Want to make more money this year? You’ll need to be proactive.
Wages are growing, but you might not be able to prove it by looking at your bank balance. Factor inflation into account, and the buying power of your paycheck might actually be lower than it was just a few years ago — even if you consistently get raises.
According to The PayScale Index, real wages have declined 6.9 percent since 2006. Waiting for your employer to give you a raise won’t close the gap. Here’s what to do instead:
1. Ask for More
Seventy-five percent of respondents to PayScale’s survey who asked for a raise received some sort of a pay bump — but most people don’t ask. In fact, only 43 percent of respondents said that they’d ever asked for a raise in their current field.

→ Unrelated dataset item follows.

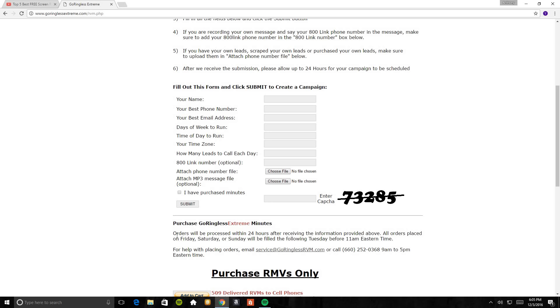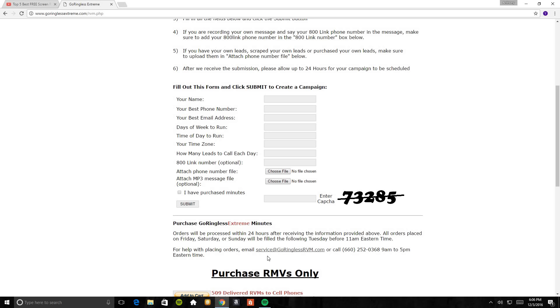At the bottom it will tell you afterwards, orders will be processed within 24 hours. So after all this is done, in 24 hours your campaign will be set up. Now if you do this on Friday, Saturday, Sunday, your campaigns will start on Tuesday before 11am Eastern time. Whatever 11am from your time zone. If you do it from Monday through Thursday, everything will start on Monday. So be mindful of that. For help with placing orders, email service at GoRingless Extreme RVM.com or call 660-252-6498.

If you’re one of the 57 percent who haven’t asked, the first step is to figure out what’s holding you back. Maybe you’re not sure that you deserve more money? The PayScale Salary Survey will tell you where you stand under 10 minutes. Answer a few questions about your skills, education and job, and find out whether you’re being paid fairly (or whether there’s room for improvement).
On the other hand, maybe you’re just uncomfortable negotiating salary. In that case, it might help to know that you’re not alone. Twenty-eight percent of respondents who didn’t negotiate held back because of discomfort talking about money. The key to overcoming your fear: information (see above) and practice. Review these salary negotiation scripts and make a plan to negotiate based on data.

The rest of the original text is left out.